第28話 温泉で……

 久々に訪れた碧流町。

 国中から温泉の美容や健康効果を求めて、多くの観光客の訪れる景勝地の一つだ。


 相変わらず温泉上がりのしっとりと濡れ肌の観光客が道を歩いていたり、多くの露天や土産物屋が流れていたりと、賑わっていた。

 真冬の季節ということで、何かしら羽織っている人も多いが、防寒の付与の施されたい服を着ているのか、そんなに薄手で大丈夫かと思うような人も少なくなかった。


 海外の女優が授賞式などで着る、大胆すぎるほどカットされたドレスを着ている女性も何人も見かけた。
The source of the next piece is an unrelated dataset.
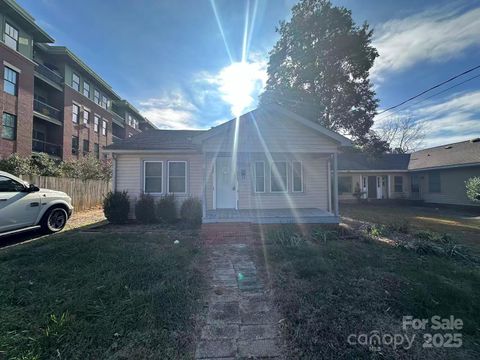 Photo of 112 E Elliott Street, Fort Mill, SC 29715 (MLS # 4327755)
 すれ違う時に目に入って、渡はつい視線で追いかけてしまう。


「なんか……すごいな。寒くないんだろうか?」

「あれはご主人様、自分たちが付与術の品を豊富に揃えられる者だと権勢を示しているんですよ。ああいう人に失礼なことを働くと大変なことになりますから、ナンパとかしちゃダメですよ?」

「し、しないよ! しないって! 信じてくれよ」

「ニシシ、主は女好きだからなー。アタシたちがしっかり魅了しておかないと、フラフラ行っちゃいそう」


 そう言って、エアが渡の腕を恋人つなぎにした。

 同時に腕を抱き寄せて、豊満な乳房に挟み込む。

 柔らかな感触に包まれて、心地いい。


「まったくですわ! ただでさえわたくしたちで満足しないで、別の女性に手を出そうとするのですから」

「いいえ、あなた様の魅力は全世界の女性に届くべきですわぁ」


 たしかに綺麗な女性だったが、それは魅了されていたわけではない。

 ただただ、季節外れなまでに薄着だったから目が吸い寄せられただけだったのだが、皆はなかなか信じてくれなかった。


 いや、まあ自業自得だとは分かっているのだ。

 なんだかんだと女性ばかり、四人も奴隷を侍らせているのだから、女好きな男と指をさされても、渡には反論できない。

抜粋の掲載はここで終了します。